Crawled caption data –

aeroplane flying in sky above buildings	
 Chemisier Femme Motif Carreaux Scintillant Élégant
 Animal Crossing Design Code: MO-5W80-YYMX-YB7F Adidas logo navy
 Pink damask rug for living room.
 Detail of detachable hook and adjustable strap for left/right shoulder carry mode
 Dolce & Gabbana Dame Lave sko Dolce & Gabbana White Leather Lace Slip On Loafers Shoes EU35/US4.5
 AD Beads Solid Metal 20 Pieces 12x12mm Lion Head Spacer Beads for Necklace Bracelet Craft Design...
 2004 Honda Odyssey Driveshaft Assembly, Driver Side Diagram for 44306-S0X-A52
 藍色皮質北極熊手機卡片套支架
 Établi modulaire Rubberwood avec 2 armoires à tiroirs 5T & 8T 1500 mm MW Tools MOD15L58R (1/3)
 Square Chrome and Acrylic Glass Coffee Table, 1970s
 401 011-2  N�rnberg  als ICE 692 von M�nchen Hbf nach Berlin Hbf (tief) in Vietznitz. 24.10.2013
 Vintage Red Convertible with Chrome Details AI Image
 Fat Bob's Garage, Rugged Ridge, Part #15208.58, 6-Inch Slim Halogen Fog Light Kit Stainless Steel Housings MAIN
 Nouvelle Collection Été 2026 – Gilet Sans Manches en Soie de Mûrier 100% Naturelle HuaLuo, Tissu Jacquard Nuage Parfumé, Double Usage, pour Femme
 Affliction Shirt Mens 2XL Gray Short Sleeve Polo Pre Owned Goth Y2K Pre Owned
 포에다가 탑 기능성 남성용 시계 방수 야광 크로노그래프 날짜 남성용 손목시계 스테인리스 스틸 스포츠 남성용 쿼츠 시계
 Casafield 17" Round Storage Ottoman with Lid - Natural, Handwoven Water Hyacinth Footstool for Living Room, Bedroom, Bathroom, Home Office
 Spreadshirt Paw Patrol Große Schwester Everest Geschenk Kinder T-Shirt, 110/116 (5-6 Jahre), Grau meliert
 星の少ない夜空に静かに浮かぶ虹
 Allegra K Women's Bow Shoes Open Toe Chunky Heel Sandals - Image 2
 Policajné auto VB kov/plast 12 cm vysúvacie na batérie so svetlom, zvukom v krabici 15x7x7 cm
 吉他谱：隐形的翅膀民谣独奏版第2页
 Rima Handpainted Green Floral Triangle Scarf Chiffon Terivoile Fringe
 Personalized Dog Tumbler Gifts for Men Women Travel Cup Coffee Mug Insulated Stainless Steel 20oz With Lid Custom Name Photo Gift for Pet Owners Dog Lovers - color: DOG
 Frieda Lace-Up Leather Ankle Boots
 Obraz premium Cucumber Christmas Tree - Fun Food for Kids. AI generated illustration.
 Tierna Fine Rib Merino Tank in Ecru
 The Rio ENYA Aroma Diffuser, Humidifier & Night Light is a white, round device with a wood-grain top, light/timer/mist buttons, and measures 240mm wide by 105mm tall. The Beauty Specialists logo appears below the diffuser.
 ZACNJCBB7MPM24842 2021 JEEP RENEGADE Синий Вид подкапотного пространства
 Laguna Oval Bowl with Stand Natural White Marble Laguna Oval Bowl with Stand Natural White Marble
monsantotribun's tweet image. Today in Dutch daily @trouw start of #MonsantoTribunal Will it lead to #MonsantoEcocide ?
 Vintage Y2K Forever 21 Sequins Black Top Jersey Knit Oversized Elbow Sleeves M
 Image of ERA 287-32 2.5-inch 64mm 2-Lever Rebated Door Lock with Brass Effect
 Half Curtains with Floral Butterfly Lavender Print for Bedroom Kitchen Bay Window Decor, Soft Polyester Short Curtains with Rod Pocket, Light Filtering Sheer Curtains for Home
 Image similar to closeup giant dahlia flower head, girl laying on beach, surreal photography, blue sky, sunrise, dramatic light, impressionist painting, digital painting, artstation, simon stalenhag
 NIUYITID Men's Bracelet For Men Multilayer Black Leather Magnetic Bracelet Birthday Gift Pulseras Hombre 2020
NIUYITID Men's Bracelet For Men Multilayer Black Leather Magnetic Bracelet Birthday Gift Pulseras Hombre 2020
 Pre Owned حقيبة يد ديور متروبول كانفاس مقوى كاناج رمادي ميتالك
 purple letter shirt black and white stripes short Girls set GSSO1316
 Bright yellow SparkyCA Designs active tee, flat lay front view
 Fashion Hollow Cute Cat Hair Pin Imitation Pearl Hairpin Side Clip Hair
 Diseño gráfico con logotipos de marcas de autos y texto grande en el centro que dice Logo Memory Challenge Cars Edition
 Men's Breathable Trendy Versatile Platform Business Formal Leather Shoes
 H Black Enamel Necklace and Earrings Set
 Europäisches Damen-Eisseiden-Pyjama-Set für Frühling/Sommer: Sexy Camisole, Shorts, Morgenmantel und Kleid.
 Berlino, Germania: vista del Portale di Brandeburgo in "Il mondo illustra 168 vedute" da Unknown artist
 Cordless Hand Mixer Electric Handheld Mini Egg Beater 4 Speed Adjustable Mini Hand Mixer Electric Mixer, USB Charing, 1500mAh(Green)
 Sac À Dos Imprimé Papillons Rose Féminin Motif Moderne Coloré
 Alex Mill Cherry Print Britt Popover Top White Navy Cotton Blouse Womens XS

What to work on –
Which lines above contain the word "Pulseras"? Show each of them.

Task output –
 NIUYITID Men's Bracelet For Men Multilayer Black Leather Magnetic Bracelet Birthday Gift Pulseras Hombre 2020
NIUYITID Men's Bracelet For Men Multilayer Black Leather Magnetic Bracelet Birthday Gift Pulseras Hombre 2020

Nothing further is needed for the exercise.